5- Digamos, finalmente, que la prostitución desempeña un papel de “disco duro”, de memoria de un orden social opresivo, jerárquico y estratificado. El capitalismo necesita sostenerse sobre una sociedad sexista. El contrato sexual del patriarcado, estableciendo que haya “una mujer para cada hombre y unas cuantas a disposición de todos”, encierra todo el ADN de la desigualdad. El control del cuerpo de la mujer ha sido consustancial a todas las sociedades de clases que hemos conocido a lo largo de la historia. En su etapa financiarizada y globalizada, el capitalismo está llevando esa opresión – como ya ha hecho con el clima – a un punto crítico para el destino de la humanidad.
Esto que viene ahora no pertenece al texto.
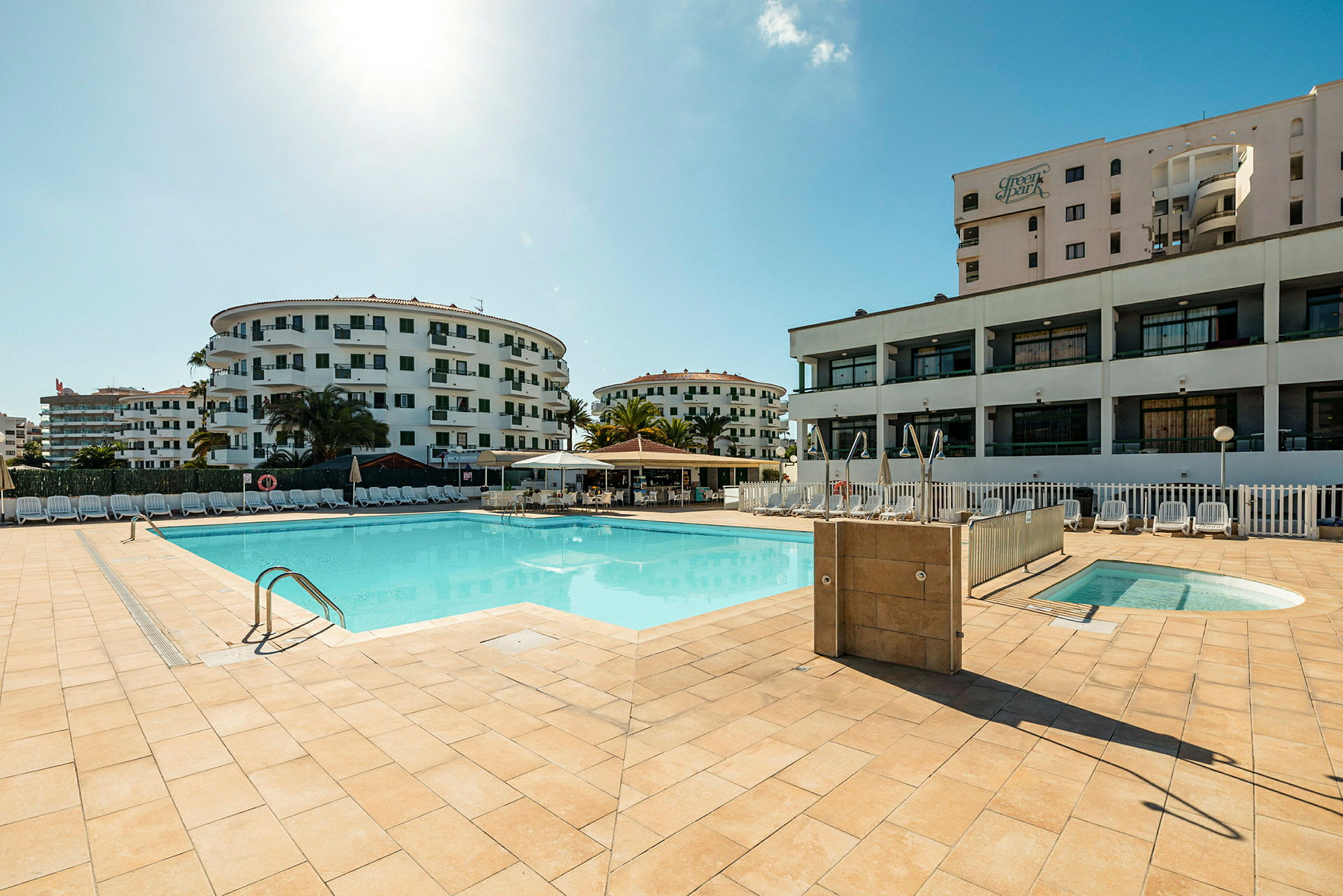En pool med omgivande hotellbyggnader och solstolar. (AI-genererad text)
No voy a insistir sobre la necesidad de un giro de nuestros gobiernos – y del conjunto de la Unión Europea – hacia el abolicionismo. No veo otras políticas progresistas posibles mas que aquellas que se inspiren en la filosofía del modelo nórdico, el primero en desplazar el foco sobre los hombres y poner el dedo en la llaga: sin demanda, no hay prostitución. Y es hora de que los hombres demos un paso al frente. En especial los jóvenes, hoy en riesgo de ser educados sexualmente por una pornografía cada vez más violenta y pedofilizada que no cesa de reproducir una imagen degradada, cosificada y mutilada de la mujer. “Rehúso tener que soportar la vergüenza de ser un hombre, de ser un sexo destructor y criminal – dice Olivier Manceron. Rehúso tener un sexo armado, un instrumento concebido para conquistar, someter y dominar. Rehúso verme obligado a asumir el estatuto de matón, de kapo, de esclavista o de verdugo desde mi más tierna infancia. Esa virilidad siembra el horror y la desgracia.”
No sabemos cual será el semblante de una nueva masculinidad – si es que las futuras generaciones dan en llamarla así – basada en el respeto, la ternura, la curiosidad y el deseo de compartir, surgida de la impugnación del mandato patriarcal. No sabemos muy bien a qué se asemejará una sexualidad por fin emancipada de su tiranía. Que sea acorde con nuestros sueños y potencialidades depende de que sepamos rebelarnos contra la barbarie que nos rodea. La abolición de la prostitución se ha convertido en la nueva frontera de la humanidad en pos de si misma.